Dataset content =>
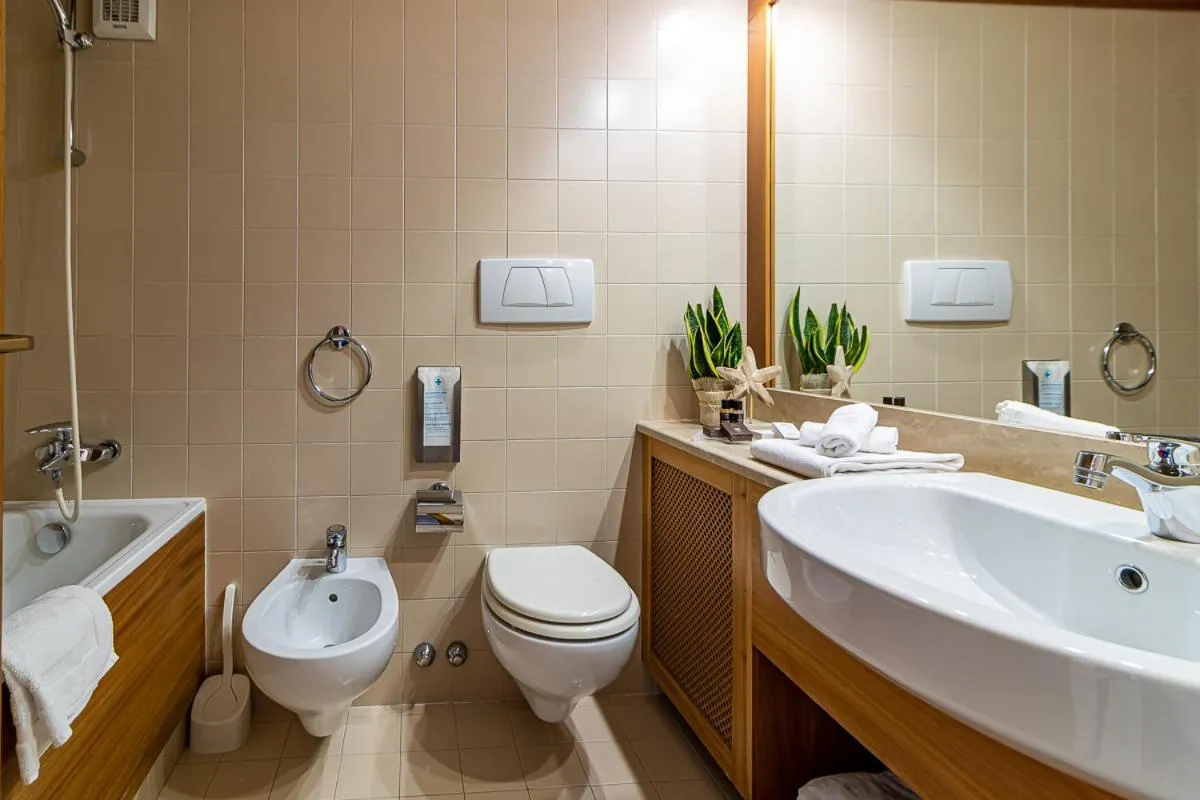 Toilet in Hotel Arcobaleno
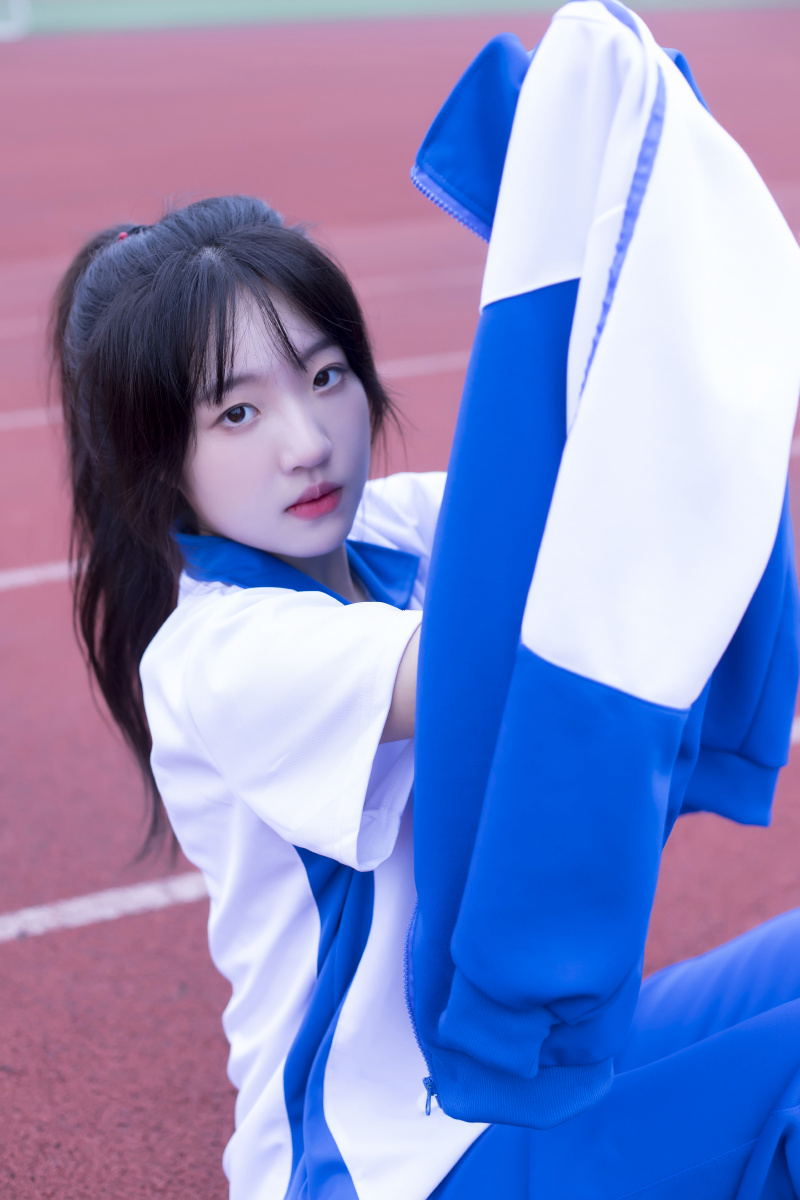 来做校园的女主角校服写真就是最青春的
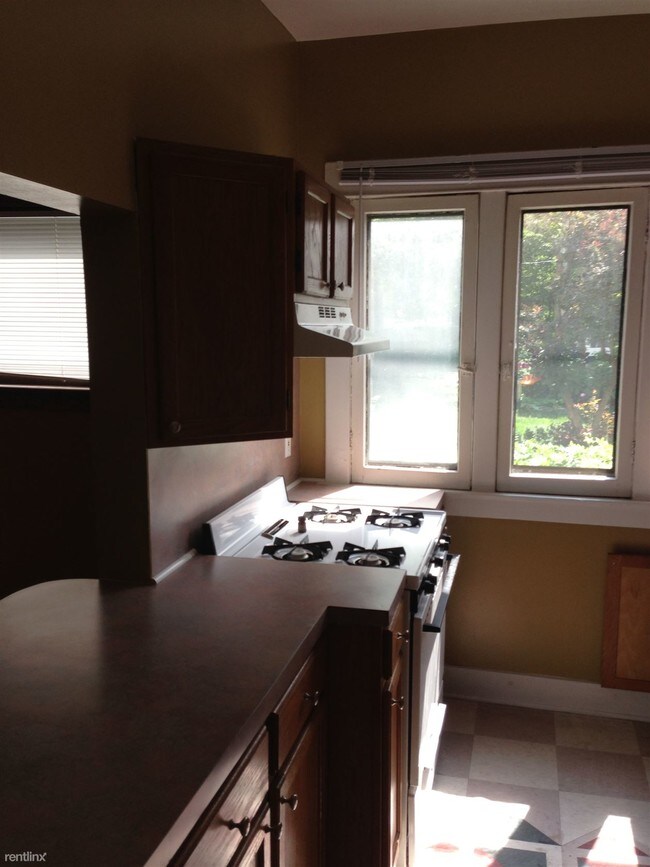 Foto del edificio - 348 Logan St SE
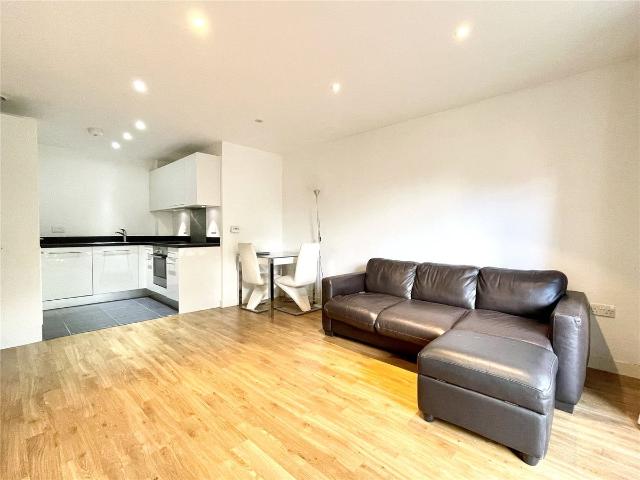 Apartment for rent in Little Stanmore, Greater London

To do => Return an exact copy of the data above, apart from any pictures.

Answer area =>
 Toilet in Hotel Arcobaleno
 来做校园的女主角校服写真就是最青春的
 Foto del edificio - 348 Logan St SE
 Apartment for rent in Little Stanmore, Greater London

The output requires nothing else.